Rainbow Chard & Gruyere Savoury
(Hors d’oeuvres or light meal)
By: Sonia Lo
CEO of FreshBox Farms
- 1 sheet frozen puff pastry, defrosted
- 4 oz. FreshBox Farms Baby Rainbow Chard
- 3 cloves garlic, finely minced
- ½ cup of cooked bacon, chopped coarsely OR, for a vegetarian alternative, ½ cup of walnuts, chopped coarsely
- 4 oz. of Gruyere (Swiss cheese also works if you can’t find Gruyere) sliced into thin (1/8th of an inch), 2 inch x 1 inch pieces
- 1 tablespoon salted butter
- 1 tablespoon olive oil
- 1 teaspoon salt
Preheat oven to 400F.
Heat a large frying pan or wok. Add butter and olive oil and heat until the butter is foaming but still pale. Add the chard and toss until it wilts, then add the bacon (do not add the bacon if you’re making the vegetarian version). Add the minced garlic. Stir fry for a minute or two – just until the garlic is cooked. Be careful to only keep the garlic on the heat for a couple of minutes – it can burn very quickly. Add the salt and taste – add a little more as needed because the chard needs to be able to stand up to the richness of the pastry. It should taste well-seasoned. Turn off the heat and reserve.
Lay the pastry sheet out flat onto a baking sheet. If your baking sheet is not non-stick, then give it a quick spray with some cooking spray or butter it lightly (I don’t like cooking spray so I always give my baking sheet a little butter to keep things from sticking).
Press the pastry sheet flat but don’t roll it – it may be a bit lumpy.
Using a sharp knife, cut in about 2 inches from the edges of the pastry sheet to create 1 inch wide “ribbons.” Do not cut all the way across the pastry sheet. Repeat the same on the other side. You should have a middle section that is whole.

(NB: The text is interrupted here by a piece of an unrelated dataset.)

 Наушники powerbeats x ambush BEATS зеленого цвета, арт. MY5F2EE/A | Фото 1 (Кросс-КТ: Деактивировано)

Using a pair of tongs, squeeze the chard and bacon mixture to remove as much moisture as possible and then transfer to a cutting board. Give the mixture a coarse chop.
Take the chopped chard mixture and mound it evenly in the center of the pastry sheet. Layer on the cheese slices.
Starting from one end of the rectangle, fold over the pastry to form a sealed edge. Then overlap the cut edges to make a “braided” look, pinching the cut ribbons together over the cheese and chard. Seal the other end. If you wish, you can egg wash the top but I generally don’t.
Bake in the preheated 400F oven for 25 minutes or until the pastry has puffed up and is golden brown.
Serve in slices for an hors d’oeuvre or cut into a larger piece and serve with a lightly dressed salad for a light meal.